Additionally, some coordinate systems support precessing the coordinate to produce a new coordinate in the same system but at a different equinox. Note that these systems have a default equinox they start with if you don’t specify one:
>>> fk5c = FK5Coordinates('02h31m49.09s +89d15m50.8s')
>>> fk5c.equinox
<Time object: scale='utc' format='jyear_str' vals=J2000.000>
>>> fk5c
<FK5Coordinates RA=37.95454 deg, Dec=89.26411 deg>
>>> fk5c.precess_to(Time(2100, format='jyear', scale='utc'))
<FK5Coordinates RA=88.32396 deg, Dec=89.54057 deg>
You can also specify the equinox when you create a coordinate using an astropy.time.Time object:
>>> from astropy.time import Time
>>> fk5c = FK5Coordinates('02h31m49.09s +89d15m50.8s', equinox=Time('J1970', scale='utc'))
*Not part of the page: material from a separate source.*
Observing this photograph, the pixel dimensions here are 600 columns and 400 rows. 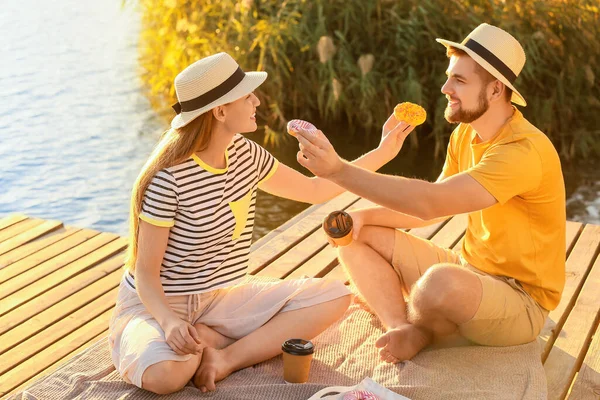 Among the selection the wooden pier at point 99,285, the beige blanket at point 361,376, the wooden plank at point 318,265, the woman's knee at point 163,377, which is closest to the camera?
the woman's knee at point 163,377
<FK5Coordinates RA=37.95454 deg, Dec=89.26411 deg>
>>> fk5c.precess_to(Time(2000, format='jyear', scale='utc'))
<FK5Coordinates RA=48.02317 deg, Dec=89.38672 deg>
Coordinate systems do not necessarily all support an equinox nor precession, as it is a meaningless action for coordinate systems that do not depend on a particular equinox.
Furthermore, coordinates typically have an obstime attribute, intended to record the time of the observation. Some systems (especially FK4) require this information due to being non-inertial frames (i.e., they rotate over time due to motions of the defining stars).